## [Task objective]
Once the line containing "Used 2015 Toyota Venza XLE FWD image 19" is found in the entries below, restate it and each following line word for word, stopping after the line containing "IS064 docomo F-02K 32GB черный".

## [Data in this exercise]
- - - - -
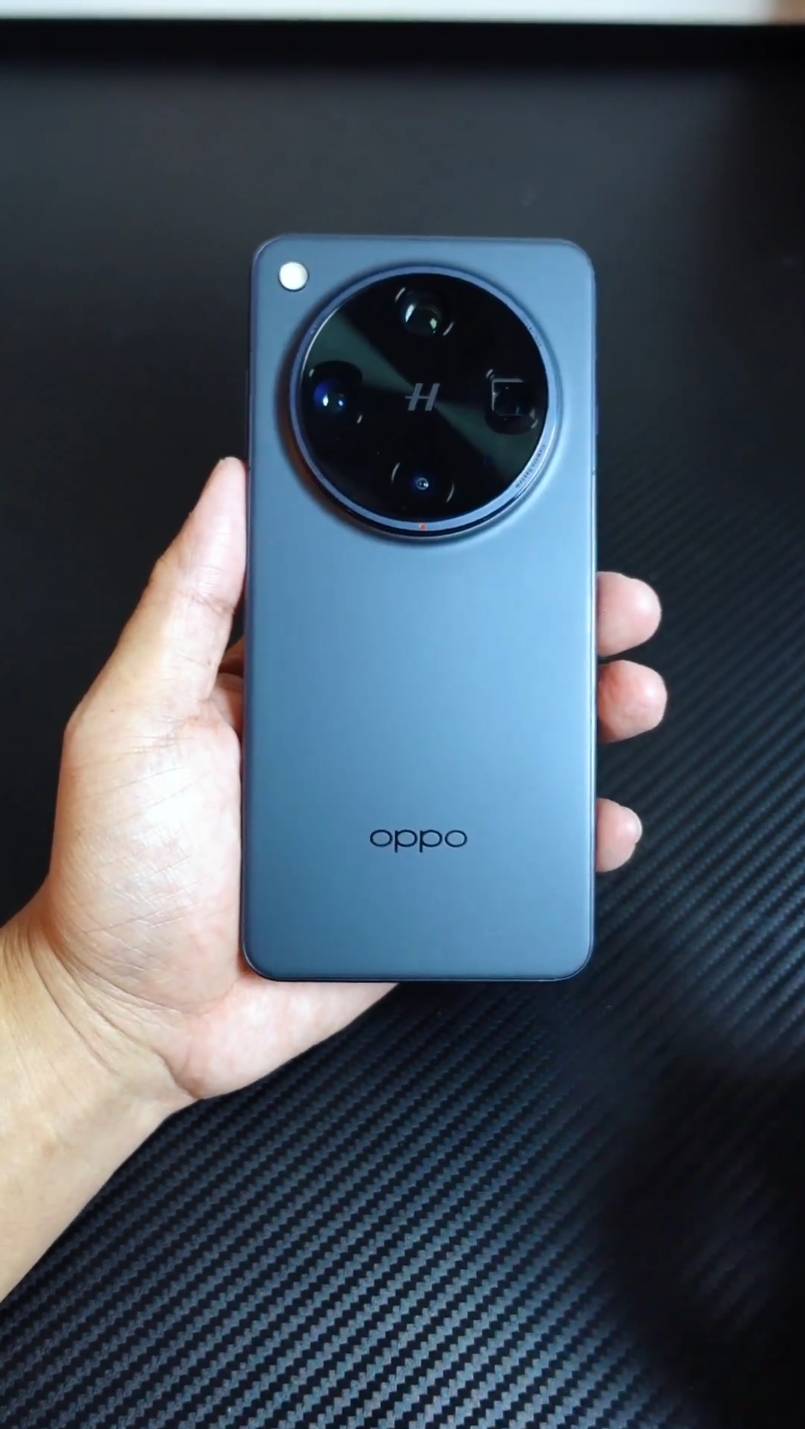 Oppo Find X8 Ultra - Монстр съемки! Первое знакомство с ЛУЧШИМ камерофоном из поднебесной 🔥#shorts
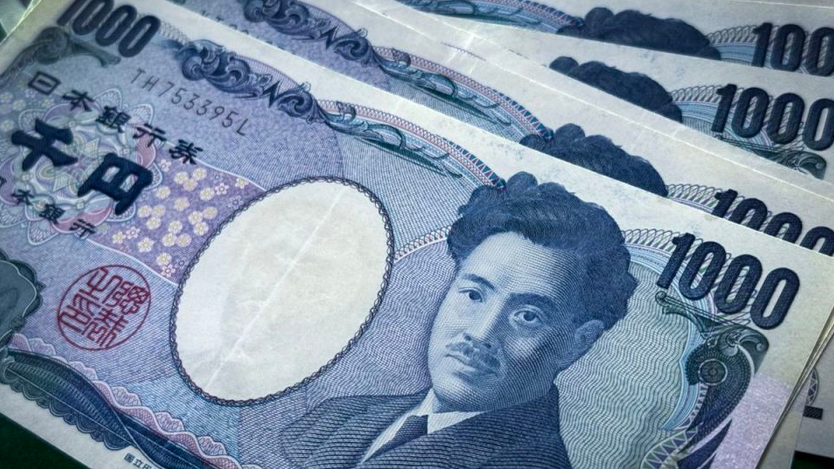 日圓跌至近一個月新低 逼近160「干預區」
- - - - -
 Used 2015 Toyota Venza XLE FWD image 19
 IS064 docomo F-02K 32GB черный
- - - - -
## [Written answer]
 Used 2015 Toyota Venza XLE FWD image 19
 IS064 docomo F-02K 32GB черный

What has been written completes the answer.